The Bank of England kept rates on hold as expected, while flagging that they would remain on a "gradual downward path" in a finely balanced statement that also acknowledged "heightened unpredictability" in the global environment.
U.S. President Donald Trump's haphazard threats of heavy trade tariffs and an escalating Israel-Iran conflict have left top central banks trying to steer policy in conditions of near-unprecedented uncertainty for the global economy.
Speaking after a two-day meeting where Fed policymakers kept rates on hold, the U.S. central bank's Chair Jerome Powell on Wednesday laid out how import tariffs imposed on America's trading partners will drive up prices for U.S. consumers.

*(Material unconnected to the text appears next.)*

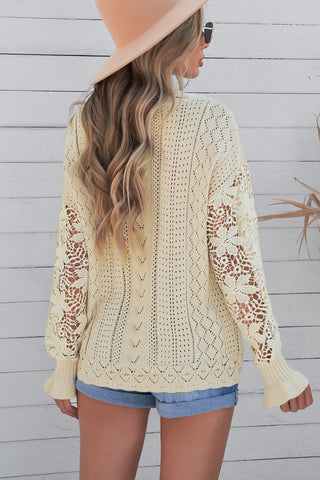 Lantern Sleeve Dropped Shoulder Sweater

Trump is due in coming days to say whether tariffs currently pegged at a 10% baseline will rise - in some cases to more than double that level - in a move seen weakening the global economy and so keeping a lid on inflation pressures in many countries.
"Inflationary pressure has decreased compared to the previous quarter," the Swiss National Bank said as it cut rates by 25 basis points to zero and did not rule out returning to negative rates.

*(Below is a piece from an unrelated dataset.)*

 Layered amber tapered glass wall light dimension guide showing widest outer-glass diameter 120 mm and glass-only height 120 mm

In a move that took most analysts by surprise, even Norway's central bank - long the most hawkish of major central banks - also cut its policy rate by 25 basis points and said there were more cuts to come due to a more benign outlook for prices.
"Inflation has declined since the monetary policy meeting in March, and the inflation outlook for the coming year indicates lower inflation than previously expected," Governor Ida Wolden Bache said of inflation which slowed to 2.8% in May.

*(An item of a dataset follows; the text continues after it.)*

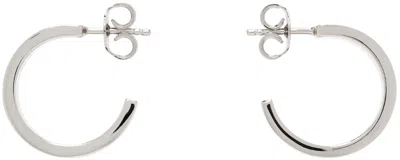 Mm6 Maison Margiela Silver New Numerical Logo Earrings In 951 Polished Palladi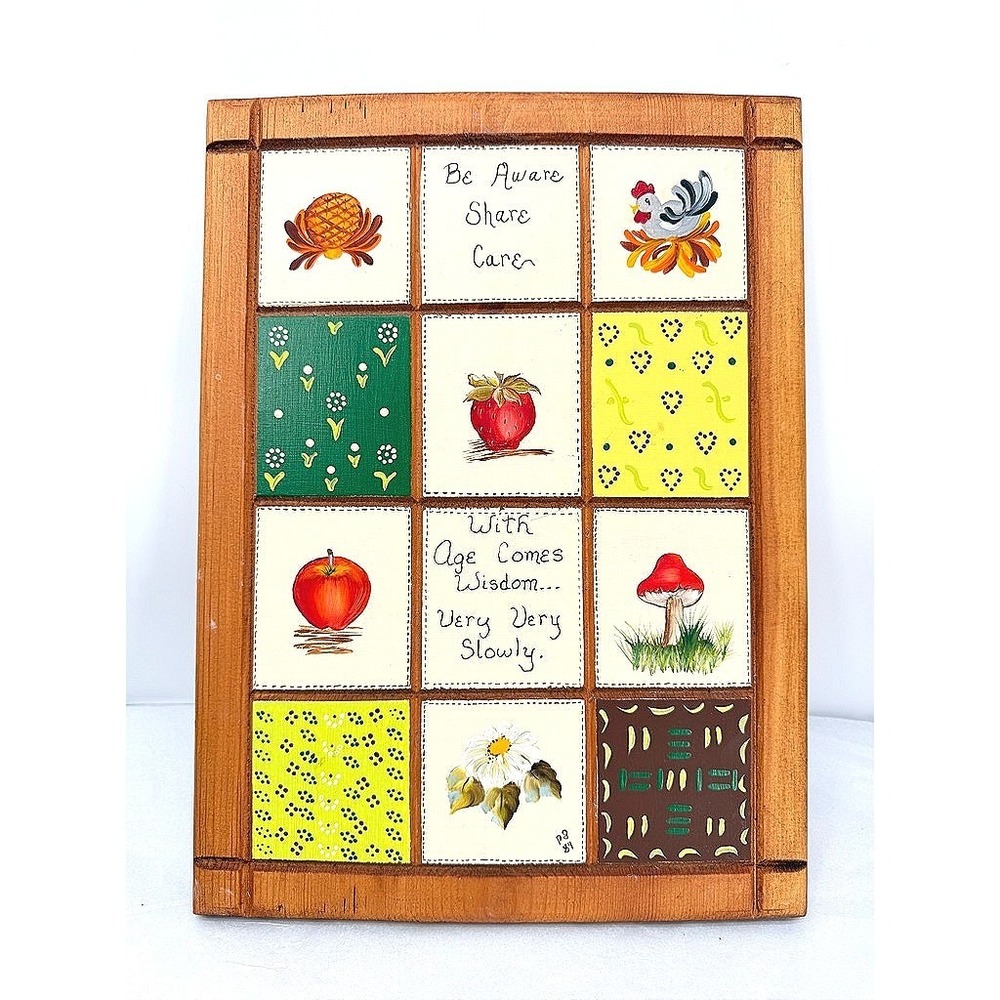 Wooden Wall Plaque Patchwork Tile Hand Painted Wood Fruit Floral Quote Folk Art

That mirrored the view taken by Sweden's central bank, which cut its key interest rate to 2.00% from 2.25% on Wednesday and said that, with price pressures weak, it may ease further before the end of the year to boost sluggish growth.
On June 6, the European Central Bank cut its main interest rate for the eighth time in the past year and signalled a pause in policy easing at least next month because inflation was now safely back at its 2% target after three years of overshooting.
CAUTION, LITTLE CONVICTION
Earlier this week the Bank of Japan kept interest rates steady and said it would move cautiously in removing remnants of its massive, decade-long stimulus. Governor Kazuo Ueda said the BOJ's near-term focus was on downside risks, notably the hit from U.S. tariffs.